▶ _What this task involves_: Look through the data below for the line with "Obituary information for" and the line with "Nike Tricou Love Icon", then transcribe exactly from the first through the second, leaving out all pictures.

▶ _Available records_:
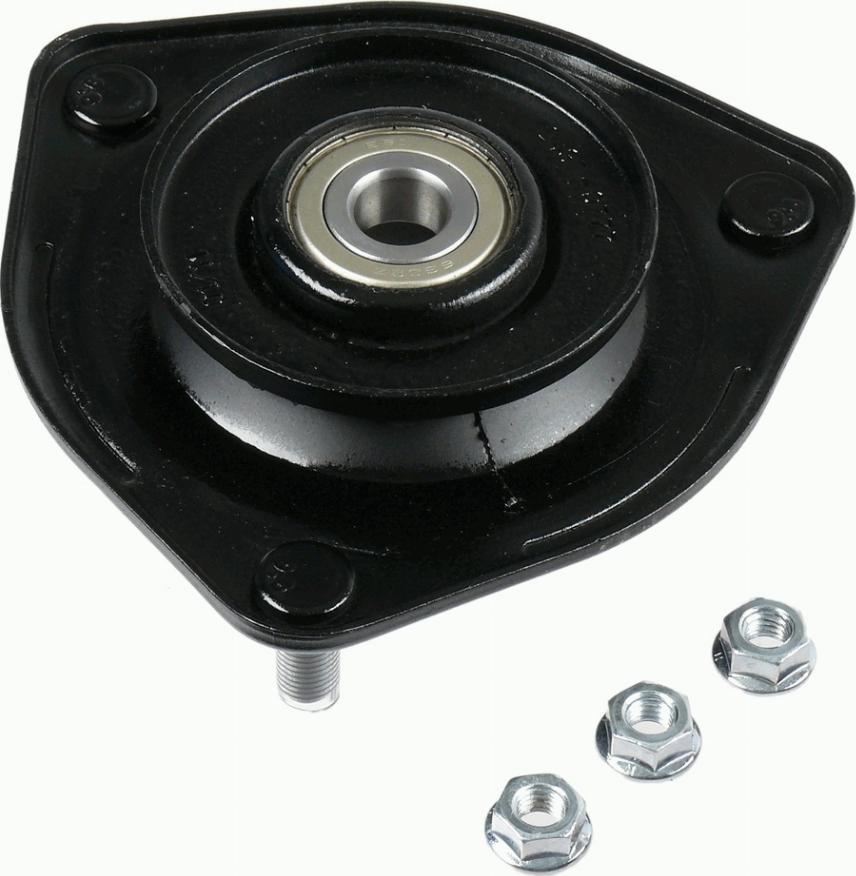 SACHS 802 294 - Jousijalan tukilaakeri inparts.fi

==

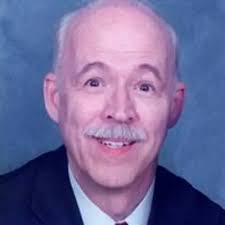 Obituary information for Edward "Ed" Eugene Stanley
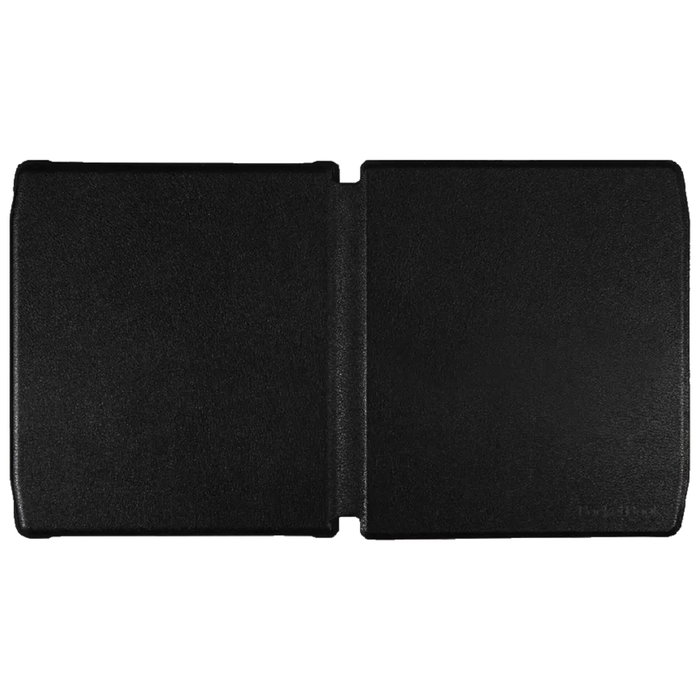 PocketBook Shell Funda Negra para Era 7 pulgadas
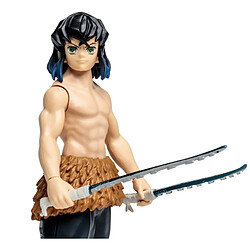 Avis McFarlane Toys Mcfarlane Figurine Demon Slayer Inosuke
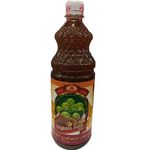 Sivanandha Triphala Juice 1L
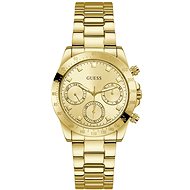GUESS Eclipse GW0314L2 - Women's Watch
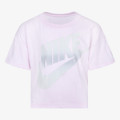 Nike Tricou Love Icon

▶ _Response for this exercise_:
 Obituary information for Edward "Ed" Eugene Stanley
 PocketBook Shell Funda Negra para Era 7 pulgadas
 Avis McFarlane Toys Mcfarlane Figurine Demon Slayer Inosuke
 Sivanandha Triphala Juice 1L
GUESS Eclipse GW0314L2 - Women's Watch
 Nike Tricou Love Icon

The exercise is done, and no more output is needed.